Extracted entries below:
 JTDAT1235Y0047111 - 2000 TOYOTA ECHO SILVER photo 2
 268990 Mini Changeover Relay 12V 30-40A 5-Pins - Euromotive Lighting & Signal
End of Extracted entries.
Extracted entries below:
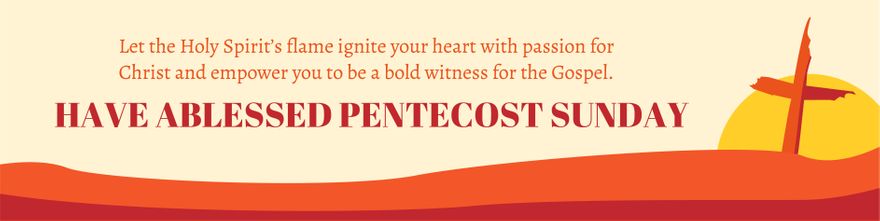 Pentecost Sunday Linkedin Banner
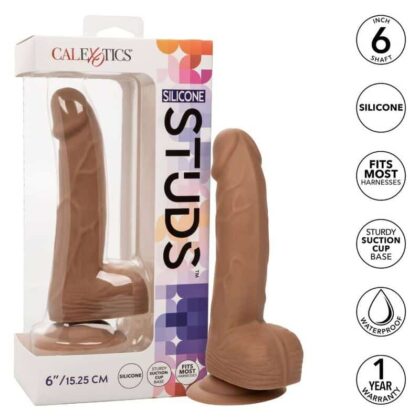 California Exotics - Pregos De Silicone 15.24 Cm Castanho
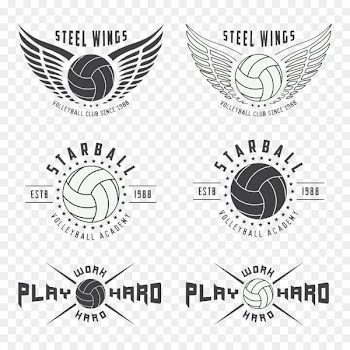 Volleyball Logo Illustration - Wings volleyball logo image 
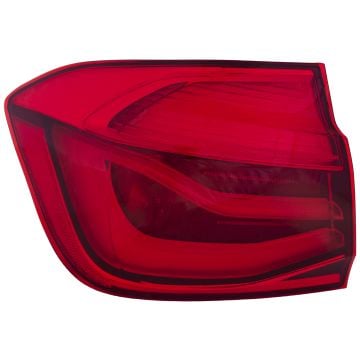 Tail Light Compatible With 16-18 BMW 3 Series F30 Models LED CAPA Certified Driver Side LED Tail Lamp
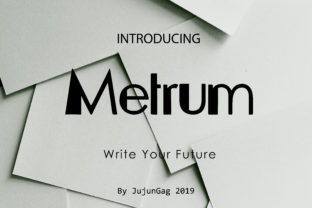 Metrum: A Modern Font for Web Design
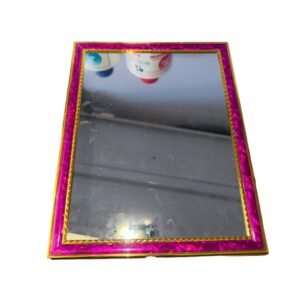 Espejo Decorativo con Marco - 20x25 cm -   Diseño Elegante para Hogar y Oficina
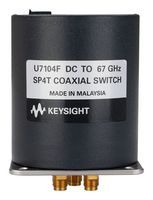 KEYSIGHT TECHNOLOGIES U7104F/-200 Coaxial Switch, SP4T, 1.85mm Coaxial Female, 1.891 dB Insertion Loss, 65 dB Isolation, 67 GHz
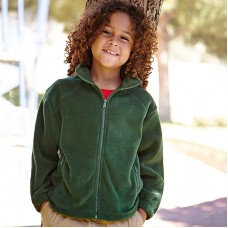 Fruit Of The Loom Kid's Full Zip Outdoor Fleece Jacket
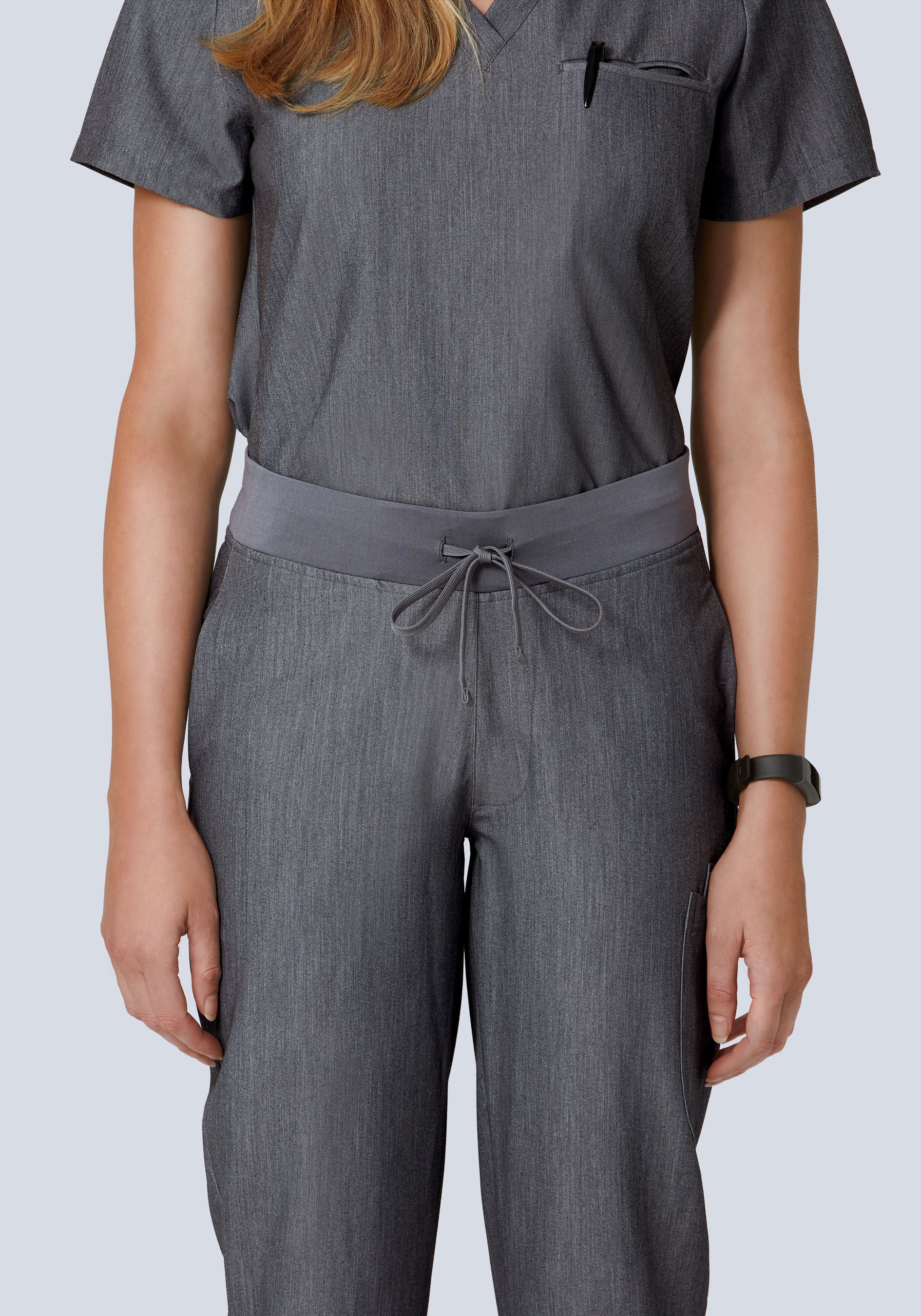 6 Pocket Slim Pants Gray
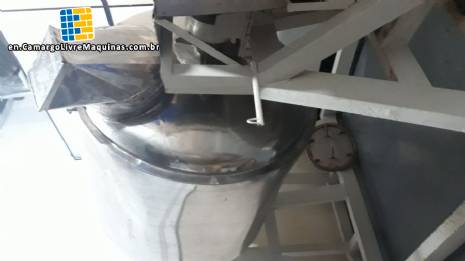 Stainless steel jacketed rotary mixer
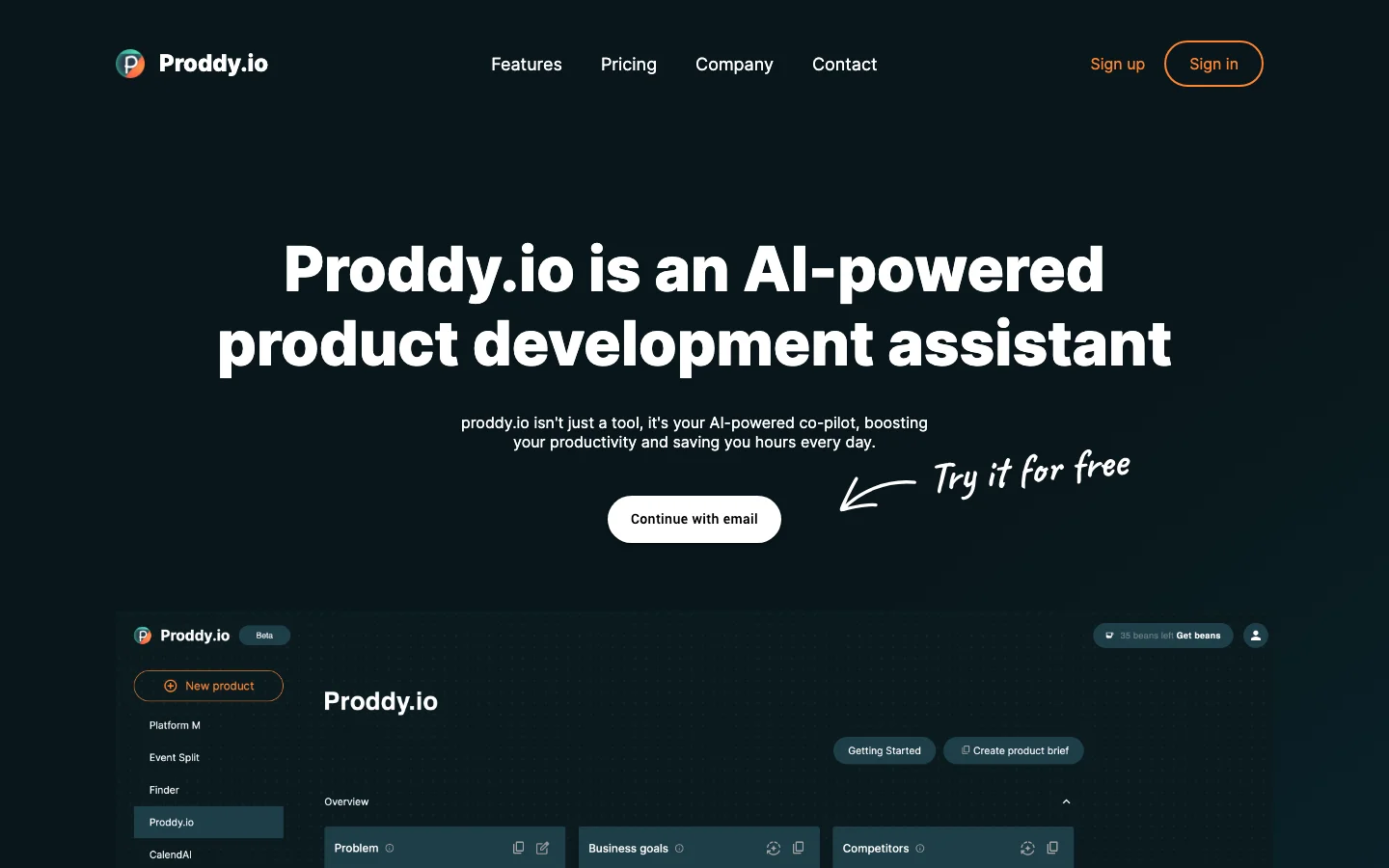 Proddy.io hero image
End of Extracted entries.
- _Problem requirements_: Quote word for word only the lines above from the one containing "6 Pocket Slim Pants Gray" through the one containing "Proddy.io hero image". Pictures stay out of your copy.

- _Reply_:
 6 Pocket Slim Pants Gray
 Stainless steel jacketed rotary mixer
 Proddy.io hero image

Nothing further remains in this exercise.